Ke depan, badan ini bertugas memperluas sumber dana sesuai ketentuan peraturan perundangan. Sumber dana tersebut, selain berasal dari dana peserta dan dana pemerintah melalui alokasi APBN, dapat juga lewat optimalisasi sumber dana lain sesuai ketentuan peraturan perundangan.
Sementara itu, Presiden The Eastern Regional Organisation for Planning and Housing (Earoph) Indonesia Andira Reoputra menyebut program baru bisa berjalan apabila seluruh pemangku kepentingan dapat dirangkul.

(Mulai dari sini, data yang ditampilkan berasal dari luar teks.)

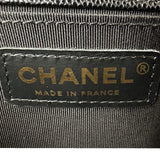 シャネル CHANEL ボーイシャネル25 A67086 28番台 ブラック ゴールド金具 キャビアスキン レディース ショルダーバッグ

Zonasi perumahan dinilai penting agar sesuai antara permintaan dan kebutuhan (link and match) melalui konsep penataan kota sehingga masyarakat bisa mendapatkan hunian terjangkau. Dalam hal ini, koordinasi antara Pemerintah Pusat dan pemerintah kota juga dibutuhkan.
Di Jakarta, misalnya, Pemerintah Pusat memiliki aset properti termasuk lahan yang luar biasa besar, demikian pula pemerintah provinsi. Karena itu butuh yang dinamakan keranjang properti. Jadi, di dalam keranjang properti, nanti ada aset Pemerintah Pusat dan aset pemda.
Kalau semua aset properti itu dapat dikumpulkan dan dikonsolidasikan, maka nantinya persoalan lahan atau lokasi untuk pembangunan hunian di perkotaan seperti di Jakarta akan bisa terselesaikan.
Aset-aset yang ada di dalam keranjang properti sangat mungkin dikerjasamakan melalui skema build-operate-transfer (BOT) atau build-transfer-operate (BTO), atau bisa juga lewat kerja sama pemanfaatan (KSP).